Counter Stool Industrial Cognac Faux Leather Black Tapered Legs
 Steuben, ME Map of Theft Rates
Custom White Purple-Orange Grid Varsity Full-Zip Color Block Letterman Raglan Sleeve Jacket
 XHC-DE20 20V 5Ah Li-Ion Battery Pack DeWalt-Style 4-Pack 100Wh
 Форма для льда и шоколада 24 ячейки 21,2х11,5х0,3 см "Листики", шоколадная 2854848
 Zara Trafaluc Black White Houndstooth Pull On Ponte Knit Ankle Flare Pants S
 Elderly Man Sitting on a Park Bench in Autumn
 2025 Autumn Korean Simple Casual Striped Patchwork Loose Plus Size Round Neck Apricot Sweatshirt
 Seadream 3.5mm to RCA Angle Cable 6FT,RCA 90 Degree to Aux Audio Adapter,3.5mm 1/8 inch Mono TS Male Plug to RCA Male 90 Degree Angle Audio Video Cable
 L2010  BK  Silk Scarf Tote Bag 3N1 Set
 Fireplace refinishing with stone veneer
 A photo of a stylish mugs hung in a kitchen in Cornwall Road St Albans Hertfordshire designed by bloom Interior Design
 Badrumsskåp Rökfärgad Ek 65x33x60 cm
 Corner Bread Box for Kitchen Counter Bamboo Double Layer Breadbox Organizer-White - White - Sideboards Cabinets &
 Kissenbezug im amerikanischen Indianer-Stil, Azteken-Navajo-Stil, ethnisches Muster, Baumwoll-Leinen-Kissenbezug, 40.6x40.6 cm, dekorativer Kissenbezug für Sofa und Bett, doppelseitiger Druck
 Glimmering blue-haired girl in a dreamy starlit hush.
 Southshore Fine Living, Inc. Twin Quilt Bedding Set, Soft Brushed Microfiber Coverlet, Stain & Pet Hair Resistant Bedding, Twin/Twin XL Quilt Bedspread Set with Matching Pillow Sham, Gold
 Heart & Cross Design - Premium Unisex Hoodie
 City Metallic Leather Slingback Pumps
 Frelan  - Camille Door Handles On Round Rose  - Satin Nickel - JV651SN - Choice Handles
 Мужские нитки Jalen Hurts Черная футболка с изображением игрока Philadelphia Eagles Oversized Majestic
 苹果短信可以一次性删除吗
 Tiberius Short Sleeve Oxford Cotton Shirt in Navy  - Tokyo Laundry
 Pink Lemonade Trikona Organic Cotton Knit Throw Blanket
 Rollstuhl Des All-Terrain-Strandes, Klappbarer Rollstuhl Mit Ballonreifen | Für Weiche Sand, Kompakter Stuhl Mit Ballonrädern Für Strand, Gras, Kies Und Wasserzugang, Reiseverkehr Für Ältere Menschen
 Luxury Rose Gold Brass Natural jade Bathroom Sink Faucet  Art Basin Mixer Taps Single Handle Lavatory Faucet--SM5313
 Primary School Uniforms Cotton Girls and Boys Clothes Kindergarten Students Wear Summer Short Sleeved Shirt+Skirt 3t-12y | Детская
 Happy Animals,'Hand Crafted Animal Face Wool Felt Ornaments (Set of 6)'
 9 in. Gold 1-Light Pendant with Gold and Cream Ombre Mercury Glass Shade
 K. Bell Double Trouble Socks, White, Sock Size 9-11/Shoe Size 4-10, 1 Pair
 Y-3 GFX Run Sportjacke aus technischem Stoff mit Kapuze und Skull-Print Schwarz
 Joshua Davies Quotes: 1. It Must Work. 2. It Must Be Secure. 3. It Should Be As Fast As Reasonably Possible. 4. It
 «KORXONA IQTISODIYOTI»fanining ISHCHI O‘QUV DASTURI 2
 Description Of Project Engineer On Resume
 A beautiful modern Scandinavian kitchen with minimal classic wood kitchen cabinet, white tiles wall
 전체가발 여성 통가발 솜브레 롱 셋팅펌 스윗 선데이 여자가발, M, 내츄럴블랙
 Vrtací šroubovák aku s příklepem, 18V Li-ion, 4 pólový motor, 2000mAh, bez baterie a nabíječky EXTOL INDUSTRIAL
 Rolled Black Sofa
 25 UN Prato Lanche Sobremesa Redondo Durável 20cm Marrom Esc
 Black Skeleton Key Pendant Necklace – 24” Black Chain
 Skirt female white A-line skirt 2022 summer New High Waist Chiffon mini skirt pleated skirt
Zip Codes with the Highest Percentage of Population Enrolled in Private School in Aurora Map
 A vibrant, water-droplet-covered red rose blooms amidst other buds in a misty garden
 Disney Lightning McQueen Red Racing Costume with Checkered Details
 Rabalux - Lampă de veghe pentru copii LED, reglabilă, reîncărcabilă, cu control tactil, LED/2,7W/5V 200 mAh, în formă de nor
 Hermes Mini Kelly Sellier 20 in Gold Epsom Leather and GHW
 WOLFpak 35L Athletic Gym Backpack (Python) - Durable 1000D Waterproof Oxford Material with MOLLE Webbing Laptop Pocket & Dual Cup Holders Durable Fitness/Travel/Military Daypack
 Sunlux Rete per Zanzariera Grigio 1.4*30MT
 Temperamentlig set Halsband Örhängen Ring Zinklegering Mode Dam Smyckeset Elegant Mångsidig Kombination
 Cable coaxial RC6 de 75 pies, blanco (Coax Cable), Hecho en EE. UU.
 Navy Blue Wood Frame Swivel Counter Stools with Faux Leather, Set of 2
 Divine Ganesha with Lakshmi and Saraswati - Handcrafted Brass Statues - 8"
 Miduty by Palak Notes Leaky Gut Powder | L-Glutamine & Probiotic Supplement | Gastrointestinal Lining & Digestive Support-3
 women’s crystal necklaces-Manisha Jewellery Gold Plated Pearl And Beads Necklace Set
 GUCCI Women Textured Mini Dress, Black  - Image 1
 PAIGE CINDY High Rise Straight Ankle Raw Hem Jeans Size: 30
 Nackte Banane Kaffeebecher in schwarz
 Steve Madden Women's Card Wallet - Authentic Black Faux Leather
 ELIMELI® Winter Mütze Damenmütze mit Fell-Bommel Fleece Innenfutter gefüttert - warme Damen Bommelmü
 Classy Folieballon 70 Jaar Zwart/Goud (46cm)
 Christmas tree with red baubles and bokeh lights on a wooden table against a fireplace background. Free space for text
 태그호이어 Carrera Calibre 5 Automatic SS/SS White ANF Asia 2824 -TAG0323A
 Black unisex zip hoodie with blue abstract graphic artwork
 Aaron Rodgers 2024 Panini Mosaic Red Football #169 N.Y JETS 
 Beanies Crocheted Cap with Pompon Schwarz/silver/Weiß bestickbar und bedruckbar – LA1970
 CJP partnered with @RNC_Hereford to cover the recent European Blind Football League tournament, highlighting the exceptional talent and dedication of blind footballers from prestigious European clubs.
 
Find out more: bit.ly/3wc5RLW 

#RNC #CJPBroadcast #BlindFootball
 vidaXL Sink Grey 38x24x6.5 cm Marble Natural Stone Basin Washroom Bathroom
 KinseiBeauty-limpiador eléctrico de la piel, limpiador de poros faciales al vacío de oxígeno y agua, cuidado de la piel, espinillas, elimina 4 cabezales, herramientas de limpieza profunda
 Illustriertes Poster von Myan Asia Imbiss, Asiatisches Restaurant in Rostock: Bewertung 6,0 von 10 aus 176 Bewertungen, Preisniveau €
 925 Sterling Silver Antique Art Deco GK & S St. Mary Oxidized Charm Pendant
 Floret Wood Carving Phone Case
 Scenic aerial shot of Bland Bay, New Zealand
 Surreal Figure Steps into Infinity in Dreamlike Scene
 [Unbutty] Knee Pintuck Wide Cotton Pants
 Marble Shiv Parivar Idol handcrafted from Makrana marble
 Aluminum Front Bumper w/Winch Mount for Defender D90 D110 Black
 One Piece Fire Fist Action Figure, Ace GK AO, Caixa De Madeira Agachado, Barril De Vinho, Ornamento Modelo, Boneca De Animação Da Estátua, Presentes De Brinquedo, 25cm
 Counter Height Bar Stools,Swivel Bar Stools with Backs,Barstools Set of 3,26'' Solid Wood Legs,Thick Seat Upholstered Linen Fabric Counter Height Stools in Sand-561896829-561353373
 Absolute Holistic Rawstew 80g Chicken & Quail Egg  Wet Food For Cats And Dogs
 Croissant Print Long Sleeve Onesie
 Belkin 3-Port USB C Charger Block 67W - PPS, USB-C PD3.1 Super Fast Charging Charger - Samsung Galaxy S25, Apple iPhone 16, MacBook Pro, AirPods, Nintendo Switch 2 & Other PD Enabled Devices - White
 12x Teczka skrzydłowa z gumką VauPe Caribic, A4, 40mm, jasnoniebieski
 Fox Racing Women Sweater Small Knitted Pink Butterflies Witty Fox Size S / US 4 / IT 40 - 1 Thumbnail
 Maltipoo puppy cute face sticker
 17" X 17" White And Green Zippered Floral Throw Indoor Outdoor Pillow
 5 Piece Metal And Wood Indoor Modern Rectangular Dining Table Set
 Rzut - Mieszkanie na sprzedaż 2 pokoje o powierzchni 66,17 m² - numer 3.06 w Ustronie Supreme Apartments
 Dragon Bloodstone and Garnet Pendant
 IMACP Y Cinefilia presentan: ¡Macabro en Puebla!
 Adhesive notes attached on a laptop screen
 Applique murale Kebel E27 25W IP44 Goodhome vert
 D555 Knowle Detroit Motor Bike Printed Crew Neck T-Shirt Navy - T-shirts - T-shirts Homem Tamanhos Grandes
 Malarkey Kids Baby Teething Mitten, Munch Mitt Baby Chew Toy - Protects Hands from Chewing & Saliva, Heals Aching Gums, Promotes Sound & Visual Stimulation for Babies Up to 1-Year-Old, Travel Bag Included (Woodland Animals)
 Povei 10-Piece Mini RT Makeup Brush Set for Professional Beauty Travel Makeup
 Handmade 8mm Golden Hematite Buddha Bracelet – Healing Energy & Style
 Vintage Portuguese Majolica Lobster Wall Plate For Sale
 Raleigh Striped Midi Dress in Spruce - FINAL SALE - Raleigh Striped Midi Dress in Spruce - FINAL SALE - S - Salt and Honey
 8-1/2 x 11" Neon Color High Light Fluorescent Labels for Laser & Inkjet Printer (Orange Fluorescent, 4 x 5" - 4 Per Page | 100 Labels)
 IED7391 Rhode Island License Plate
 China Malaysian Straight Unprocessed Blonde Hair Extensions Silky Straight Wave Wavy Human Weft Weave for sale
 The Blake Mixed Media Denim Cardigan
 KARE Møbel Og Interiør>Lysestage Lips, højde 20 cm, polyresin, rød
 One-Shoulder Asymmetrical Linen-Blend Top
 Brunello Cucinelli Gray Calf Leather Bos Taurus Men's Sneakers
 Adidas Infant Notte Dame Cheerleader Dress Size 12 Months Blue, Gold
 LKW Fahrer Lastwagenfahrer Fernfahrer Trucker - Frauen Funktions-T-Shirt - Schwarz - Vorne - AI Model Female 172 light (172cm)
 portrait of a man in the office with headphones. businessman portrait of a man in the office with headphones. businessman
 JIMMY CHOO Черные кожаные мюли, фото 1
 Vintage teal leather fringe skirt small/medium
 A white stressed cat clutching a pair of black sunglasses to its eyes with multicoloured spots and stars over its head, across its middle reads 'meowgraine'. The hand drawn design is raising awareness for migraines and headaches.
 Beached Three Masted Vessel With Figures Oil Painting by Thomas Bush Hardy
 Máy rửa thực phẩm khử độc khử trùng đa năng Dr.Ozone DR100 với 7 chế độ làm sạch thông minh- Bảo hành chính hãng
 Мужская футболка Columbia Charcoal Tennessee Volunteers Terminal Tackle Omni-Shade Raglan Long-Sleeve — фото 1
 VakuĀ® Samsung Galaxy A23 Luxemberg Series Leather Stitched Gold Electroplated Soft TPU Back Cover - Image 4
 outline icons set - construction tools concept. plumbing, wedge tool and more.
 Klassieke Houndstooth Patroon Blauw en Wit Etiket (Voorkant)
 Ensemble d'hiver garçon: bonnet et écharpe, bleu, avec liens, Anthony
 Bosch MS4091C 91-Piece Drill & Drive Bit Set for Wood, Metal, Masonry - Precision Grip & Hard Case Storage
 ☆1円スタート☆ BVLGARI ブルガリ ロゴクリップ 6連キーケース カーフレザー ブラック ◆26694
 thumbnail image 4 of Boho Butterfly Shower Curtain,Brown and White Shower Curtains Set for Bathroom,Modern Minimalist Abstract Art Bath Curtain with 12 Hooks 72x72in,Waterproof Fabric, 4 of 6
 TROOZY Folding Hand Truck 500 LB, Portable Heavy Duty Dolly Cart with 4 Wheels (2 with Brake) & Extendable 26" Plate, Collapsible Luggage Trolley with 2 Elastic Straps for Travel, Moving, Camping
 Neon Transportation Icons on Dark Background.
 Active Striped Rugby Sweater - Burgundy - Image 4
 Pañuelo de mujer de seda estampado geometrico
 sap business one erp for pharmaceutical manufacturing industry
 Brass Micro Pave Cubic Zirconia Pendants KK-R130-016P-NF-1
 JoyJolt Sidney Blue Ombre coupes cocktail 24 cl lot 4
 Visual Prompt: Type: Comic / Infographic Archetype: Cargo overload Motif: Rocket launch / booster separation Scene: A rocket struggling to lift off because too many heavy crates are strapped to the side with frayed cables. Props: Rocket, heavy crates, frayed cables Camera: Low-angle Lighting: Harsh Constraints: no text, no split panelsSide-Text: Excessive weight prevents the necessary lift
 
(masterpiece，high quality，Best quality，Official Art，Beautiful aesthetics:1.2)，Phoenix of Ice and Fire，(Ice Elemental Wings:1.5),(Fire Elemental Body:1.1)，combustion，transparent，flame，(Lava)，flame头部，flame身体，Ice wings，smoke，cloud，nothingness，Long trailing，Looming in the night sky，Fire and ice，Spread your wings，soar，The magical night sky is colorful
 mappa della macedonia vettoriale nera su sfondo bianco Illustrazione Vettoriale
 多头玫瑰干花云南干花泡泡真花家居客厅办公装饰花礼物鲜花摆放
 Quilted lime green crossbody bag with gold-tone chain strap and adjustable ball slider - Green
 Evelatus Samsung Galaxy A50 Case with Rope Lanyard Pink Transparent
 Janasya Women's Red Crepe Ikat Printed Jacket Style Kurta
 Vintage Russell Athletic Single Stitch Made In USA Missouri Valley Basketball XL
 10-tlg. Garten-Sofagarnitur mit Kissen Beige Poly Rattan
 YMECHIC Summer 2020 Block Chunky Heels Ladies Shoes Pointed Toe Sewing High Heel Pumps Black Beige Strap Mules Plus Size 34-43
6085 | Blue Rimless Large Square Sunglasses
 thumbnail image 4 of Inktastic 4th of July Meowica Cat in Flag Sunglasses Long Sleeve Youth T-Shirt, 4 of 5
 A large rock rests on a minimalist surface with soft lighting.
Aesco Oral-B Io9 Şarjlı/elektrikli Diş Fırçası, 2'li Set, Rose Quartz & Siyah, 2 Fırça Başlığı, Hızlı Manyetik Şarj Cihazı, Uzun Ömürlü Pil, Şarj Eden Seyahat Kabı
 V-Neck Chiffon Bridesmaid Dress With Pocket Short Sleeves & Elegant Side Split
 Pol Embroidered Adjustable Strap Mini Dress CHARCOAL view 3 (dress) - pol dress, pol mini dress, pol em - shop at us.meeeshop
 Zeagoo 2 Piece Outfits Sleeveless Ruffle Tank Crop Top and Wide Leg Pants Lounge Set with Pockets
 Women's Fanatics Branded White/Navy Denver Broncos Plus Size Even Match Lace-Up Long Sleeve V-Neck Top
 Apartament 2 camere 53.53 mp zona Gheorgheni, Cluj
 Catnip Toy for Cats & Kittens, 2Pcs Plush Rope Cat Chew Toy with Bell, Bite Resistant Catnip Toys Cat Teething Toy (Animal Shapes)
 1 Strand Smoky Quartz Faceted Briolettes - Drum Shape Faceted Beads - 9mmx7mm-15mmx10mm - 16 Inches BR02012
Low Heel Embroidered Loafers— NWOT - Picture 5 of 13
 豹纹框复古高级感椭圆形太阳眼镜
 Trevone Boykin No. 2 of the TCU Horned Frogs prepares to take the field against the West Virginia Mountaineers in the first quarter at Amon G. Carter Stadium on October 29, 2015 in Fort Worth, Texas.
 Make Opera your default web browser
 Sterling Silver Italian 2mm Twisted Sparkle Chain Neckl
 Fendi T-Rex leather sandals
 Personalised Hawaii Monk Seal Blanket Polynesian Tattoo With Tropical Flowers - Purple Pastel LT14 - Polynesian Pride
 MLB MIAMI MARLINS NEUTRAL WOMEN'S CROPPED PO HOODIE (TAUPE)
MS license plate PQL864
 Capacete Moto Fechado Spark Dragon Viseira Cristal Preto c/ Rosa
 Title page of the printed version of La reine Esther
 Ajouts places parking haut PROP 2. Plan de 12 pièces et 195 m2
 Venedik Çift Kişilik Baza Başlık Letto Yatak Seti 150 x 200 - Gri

________

## Work to be completed
Please give an exact copy of the lines above, beginning with the line containing "Povei 10-Piece Mini" and running through the line containing "Adidas Infant Notte", and of no other lines.

## Answer section
 Povei 10-Piece Mini RT Makeup Brush Set for Professional Beauty Travel Makeup
 Handmade 8mm Golden Hematite Buddha Bracelet – Healing Energy & Style
 Vintage Portuguese Majolica Lobster Wall Plate For Sale
 Raleigh Striped Midi Dress in Spruce - FINAL SALE - Raleigh Striped Midi Dress in Spruce - FINAL SALE - S - Salt and Honey
 8-1/2 x 11" Neon Color High Light Fluorescent Labels for Laser & Inkjet Printer (Orange Fluorescent, 4 x 5" - 4 Per Page | 100 Labels)
 IED7391 Rhode Island License Plate
 China Malaysian Straight Unprocessed Blonde Hair Extensions Silky Straight Wave Wavy Human Weft Weave for sale
 The Blake Mixed Media Denim Cardigan
 KARE Møbel Og Interiør>Lysestage Lips, højde 20 cm, polyresin, rød
 One-Shoulder Asymmetrical Linen-Blend Top
 Brunello Cucinelli Gray Calf Leather Bos Taurus Men's Sneakers
 Adidas Infant Notte Dame Cheerleader Dress Size 12 Months Blue, Gold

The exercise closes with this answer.